The Trump administration must be ready to adopt tougher measures toward Islamabad that involve taking risks in an effort to evoke different Pakistani responses. While there is no silver bullet to change decades of Pakistani policy, there are some policies that would improve chances of gaining Pakistan’s cooperation in dealing with terrorism in a vital region of the world.
Designating Pakistan as a state sponsor of terrorism, as some U.S. congressional members have advised, is unwise in the first year of a new administration, but should be kept as an option for the longer term. Indeed the administration should state up front that it intends to review the intelligence on Pakistani involvement in supporting terror much more critically than its predecessors.
Avoid viewing and portraying Pakistan as an ally. The new U.S. administration should recognize that Pakistan is not an American ally. It has engaged in supporting the Afghan Taliban, who have killed American troops and their allies in Afghanistan. Thinking of Pakistan as an ally will continue to create problems for the next administration as it did for the last one. At the same time, Pakistan is an important country that is willing to cooperate occasionally and partially with the United States. It cannot be treated, for example, in the same way the U.S. deals with North Korea. As a first step, the U.S. must warn Pakistan that its status as a Major Non-NATO Ally (MNNA) is in serious jeopardy. Unless Pakistan takes immediate steps to demonstrate that it fully shares U.S. counterterrorism objectives, the U.S. will revoke its MNNA status within six months.
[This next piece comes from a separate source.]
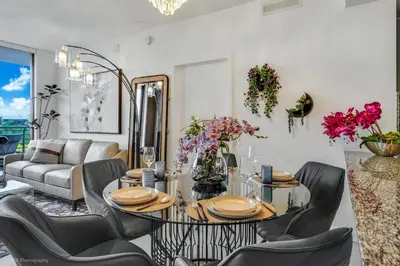 a dining room with a table and chairs at Stylish 3BD-3BR at the Heart of Downtown Doral with Top Amenities & Golf in Miami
At the same time, maintain the option for Pakistan to be an ally of the United States in the future. Were Pakistan to cease its current tolerance of and support to terrorist groups, one can envisage grounds for common interest and policies on a range of issues that would form the basis of mutual interest. This could involve a package of trade and investment cooperation that would be mutually win-win for the economies of the United States and Pakistan. Pakistan’s economy has strengths and significant potential, and a package that would include catalyzing U.S. private investment, joint activities between U.S. and Pakistani firms, and facilitating trade within the region through infrastructure development could be, if designed appropriately, a key building block of this alliance.
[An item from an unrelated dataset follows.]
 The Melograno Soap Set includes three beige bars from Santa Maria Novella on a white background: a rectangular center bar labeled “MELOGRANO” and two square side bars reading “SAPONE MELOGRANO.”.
Prioritize engagement with Pakistan’s civilian leaders and continue humanitarian and social assistance programs that are administered by Pakistan’s civilian authorities. Rolling back the tide of extremism in Pakistan will be an enormous task and could take a generation, but once again there are some recent hopeful signs that the Pakistani civilian government under Prime Minister Sharif is trying to move the country in this direction. In March 2016 the Sharif government followed through with the execution of the assassin of Punjab Governor Salman Taseer, who was killed in 2011 because of his support for religious minorities and efforts to roll back controversial blasphemy laws. Prime Minister Sharif also recently re-named its National Center for Physics after a Nobel Prize-winning Pakistani physicist, Abdus Salam, a member of a minority sect of Islam that is considered heretic by hardline Islamists. These important first steps toward signaling a more moderate and tolerant course for Pakistani society must be recognized and encouraged by the international community. It is important, however, to monitor the overall trend and direction of Pakistani policy, given the track record of policy reversals.
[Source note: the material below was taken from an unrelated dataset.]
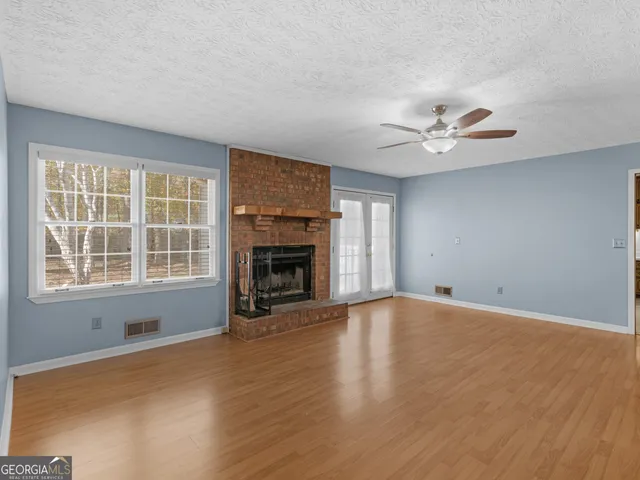 an empty room with windows fireplace and a sink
Humanitarian and social aid should not be impacted by the counterterrorism issue since it is the military that controls policies toward terrorist groups. Programs such as International Military Education and Training (IMET) on the military side and the Fulbright Program as well as other exchange programs, on the civilian side, should be continued to build and maintain relationships with Pakistan’s military and civilian elite.
Work through diplomacy with other countries, especially China and Gulf Arab states that share U.S. concern about Pakistan’s tolerance of terrorist organizations and individuals. The U.S. must lead efforts, including at multilateral forums, to sanction Pakistani terrorist groups and individuals. In particular, Washington must seek to work more closely with China, which shares concerns about the presence of terrorist groups in the region and the threat they pose to the proposed China-Pakistan Economic Corridor (CPEC). While China will avoid steps that embarrass Pakistani leaders or that significantly skew the two countries’ historically close ties, Beijing may be willing to work with Washington behind the scenes to press Pakistan to crack down on terrorists within its territory. Gulf Arab countries, too, must be encouraged to press Pakistan to change its direction.
The U.S. can also work with partners to emphasize the potential for Pakistan’s international isolation as a consequence of Pakistan’s own decisions and actions. Both history and recent events demonstrate that the Pakistan Government is deeply aware of and anxious about its international image. Threatening to damage that image in subtle or obvious ways will garner attention in Islamabad and Rawalpindi.
Enforce counterterrorism conditions on U.S. military aid and reimbursements to Pakistan. Even though counterterrorism conditions on military aid have been in place for the last seven years, the Obama administration for several years used its national security waiver authority to bypass the legislative conditions. However, Congress over the last two years has included in the National Defense Authorization Act language that prohibits a portion of military reimbursement payments for Pakistan from falling under waiver authority. Thus, for the first time, this past summer the Obama administration withheld $300 million in military reimbursements for Pakistan because of its failure to crack down on the Haqqani network. In addition Congress blocked U.S. Government funding for the transfer of additional F-16 aircraft to Islamabad for the same reason.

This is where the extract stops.